Advocacy lessons from 20 years ago still apply today
The passage of HR 1151 and President Clinton signing the Credit Union Membership Access Act into law 20 years ago may seem like ancient history to some, but the credit union movement wouldn’t be where it is today without those efforts – indeed, it might not exist at all.
Despite the passage of two decades, credit unions today find themselves in a similar position to where they were 20 years ago – fighting for the right to expand their fields of membership. After a legal battle that made it all the way to the Supreme Court in 1998, our movement wound up with new legislation to help keep the industry alive. Without that legislation, tens of millions of Americans would have lost their credit union membership status and today’s financial services landscape would be entirely different.

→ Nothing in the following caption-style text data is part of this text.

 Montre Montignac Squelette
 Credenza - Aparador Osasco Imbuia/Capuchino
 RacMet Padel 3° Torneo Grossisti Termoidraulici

There have been a lot of arm-chair quarterbacks over the years who say credit unions gave up too much with HR 1151, and that we shouldn’t have let certain regulations and new provisions go into the bill. It’s important to remember, however, that the entire process started with one letter – an attempt to change the wording in a federal statute from “group” to “groups.” Eventually we wound up with a bill several hundred pages long that led to an all-out war between credit unions and bankers. The bankers were able to have some regulations imposed on us that we would have preferred not to have, but they only won the battle. We won the war.
We wouldn’t have won, however, had we not had advocates on our side. For one thing, we had a young hot shot lawyer from the firm of Hogan & Hartson named John Roberts – you may have heard of him. But we also had a host of lawmakers who were willing to stand up and fight for the right to increase access to affordable financial services – advocates like Newt Gingrich, Paul Kanjorski and Steve LaTourette. Most importantly, however, we had the support of credit union members from across the country. State credit union leagues and trade associations were willing to put aside their differences and mobilize credit union members from all 50 states for a rally that drew thousands of CU supporters to Washington DC.
We did it once and we can do it again.
Twenty years may seem like a long time, but there are a great many similarities between today and 1998. Back then we had a polarizing president embroiled in a scandal while Congress was at loggerheads with talk of impeachment. Sound familiar?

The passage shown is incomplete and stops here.